Spring Green Smoothie

I apologize for making it all smoothies all the time here lately. However, I’m bad for a rut — eating the exact same thing for breakfast/lunch every day, etc., and WW makes that even more tempting.

After yesterday’s success with the cinnamon shake, I decided to venture out of my blender comfort zone again this morning. I know I need to get more protein, and I’m trying to do so without dairy and meat right now, which is difficult but not impossible.

Most mornings I’ve been using a chocolate hemp powder in my smoothies, but today I wanted to go a different route. Luckily I’d soaked some cashews last night and figured they could stand in this AM. The results were smooth, creamy, mild, and tasty.

Spring Green Smoothie

This smoothie has a really pretty color and is quite satisfying. It does come out to 8 points, but I don’t feel like I ate enough yesterday and posted a much larger loss today than I was expecting, so I feel like this was a very good decision for my Saturday a.m.

1 large banana

1/2 canned pineapple tidbits in juice, mostly drained (I left a little juice in the measuring cup with them)

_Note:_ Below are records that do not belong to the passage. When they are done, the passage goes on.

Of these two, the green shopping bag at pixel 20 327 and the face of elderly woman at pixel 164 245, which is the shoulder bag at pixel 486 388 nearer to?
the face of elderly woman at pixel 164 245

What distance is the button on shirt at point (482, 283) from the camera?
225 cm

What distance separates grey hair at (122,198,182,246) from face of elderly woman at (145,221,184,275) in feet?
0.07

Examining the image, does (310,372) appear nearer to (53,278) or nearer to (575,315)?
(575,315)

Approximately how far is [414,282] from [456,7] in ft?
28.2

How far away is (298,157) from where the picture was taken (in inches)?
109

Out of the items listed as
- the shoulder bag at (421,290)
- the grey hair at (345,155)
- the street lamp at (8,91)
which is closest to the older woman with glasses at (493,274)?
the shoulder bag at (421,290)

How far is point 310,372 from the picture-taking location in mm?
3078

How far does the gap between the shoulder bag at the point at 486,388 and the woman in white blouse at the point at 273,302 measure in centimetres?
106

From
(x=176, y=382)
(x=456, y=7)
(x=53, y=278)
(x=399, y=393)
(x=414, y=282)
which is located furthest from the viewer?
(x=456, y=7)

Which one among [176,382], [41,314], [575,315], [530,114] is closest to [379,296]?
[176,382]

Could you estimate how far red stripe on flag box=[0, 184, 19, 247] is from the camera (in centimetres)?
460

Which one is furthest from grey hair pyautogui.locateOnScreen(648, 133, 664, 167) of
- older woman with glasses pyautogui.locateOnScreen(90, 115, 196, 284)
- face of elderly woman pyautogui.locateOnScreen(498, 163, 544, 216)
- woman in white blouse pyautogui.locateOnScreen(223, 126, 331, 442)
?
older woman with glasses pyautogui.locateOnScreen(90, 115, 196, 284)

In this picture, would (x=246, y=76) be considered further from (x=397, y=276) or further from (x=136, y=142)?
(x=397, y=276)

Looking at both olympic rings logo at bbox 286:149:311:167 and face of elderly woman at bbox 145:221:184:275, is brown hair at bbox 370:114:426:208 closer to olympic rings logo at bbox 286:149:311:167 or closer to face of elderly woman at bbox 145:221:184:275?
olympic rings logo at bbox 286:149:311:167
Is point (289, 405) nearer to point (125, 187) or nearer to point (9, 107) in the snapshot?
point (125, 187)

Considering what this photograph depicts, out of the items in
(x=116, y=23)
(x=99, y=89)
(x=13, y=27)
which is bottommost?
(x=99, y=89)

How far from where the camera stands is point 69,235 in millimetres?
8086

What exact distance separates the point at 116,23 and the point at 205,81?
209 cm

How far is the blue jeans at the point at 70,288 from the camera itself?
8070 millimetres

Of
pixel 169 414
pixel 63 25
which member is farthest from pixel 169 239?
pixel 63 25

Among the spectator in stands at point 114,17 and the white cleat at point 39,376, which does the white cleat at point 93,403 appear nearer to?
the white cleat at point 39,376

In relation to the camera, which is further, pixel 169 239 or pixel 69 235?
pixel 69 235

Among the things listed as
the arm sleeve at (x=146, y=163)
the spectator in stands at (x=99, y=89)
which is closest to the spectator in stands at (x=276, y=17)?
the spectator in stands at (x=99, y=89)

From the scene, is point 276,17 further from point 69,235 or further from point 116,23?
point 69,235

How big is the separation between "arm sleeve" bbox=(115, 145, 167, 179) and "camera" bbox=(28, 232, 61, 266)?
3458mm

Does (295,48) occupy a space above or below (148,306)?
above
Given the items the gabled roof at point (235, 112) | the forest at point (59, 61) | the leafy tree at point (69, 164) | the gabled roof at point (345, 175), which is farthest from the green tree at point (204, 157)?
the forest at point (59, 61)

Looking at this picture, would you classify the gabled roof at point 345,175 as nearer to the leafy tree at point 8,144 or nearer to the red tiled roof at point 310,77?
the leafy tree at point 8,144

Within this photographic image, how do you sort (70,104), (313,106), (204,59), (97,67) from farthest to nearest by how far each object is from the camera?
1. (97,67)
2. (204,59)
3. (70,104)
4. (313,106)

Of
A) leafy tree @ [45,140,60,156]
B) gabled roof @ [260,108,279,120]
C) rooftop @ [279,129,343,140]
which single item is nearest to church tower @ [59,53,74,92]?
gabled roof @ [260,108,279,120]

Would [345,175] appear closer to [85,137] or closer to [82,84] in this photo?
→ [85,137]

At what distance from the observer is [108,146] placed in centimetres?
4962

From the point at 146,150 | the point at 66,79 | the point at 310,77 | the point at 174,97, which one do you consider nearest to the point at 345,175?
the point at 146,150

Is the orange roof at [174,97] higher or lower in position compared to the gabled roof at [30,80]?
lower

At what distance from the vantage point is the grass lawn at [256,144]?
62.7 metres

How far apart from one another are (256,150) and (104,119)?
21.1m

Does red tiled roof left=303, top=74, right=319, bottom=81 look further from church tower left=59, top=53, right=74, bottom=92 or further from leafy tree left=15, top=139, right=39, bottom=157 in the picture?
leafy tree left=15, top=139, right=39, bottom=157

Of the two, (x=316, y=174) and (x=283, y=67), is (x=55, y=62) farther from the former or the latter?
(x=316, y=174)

1/4 cup of cashews, soaked overnight

1 cup of unsweetened vanilla almond milk

1 cup of spinach


If you are using a standard blender, you may want  to turn your cashews to butter in it first, then add your other ingredients. If you are working with a Blendtec or Vitamix, put contents in blender jar and obliterate. On my Blendtec I used the whole juice setting and it came out great.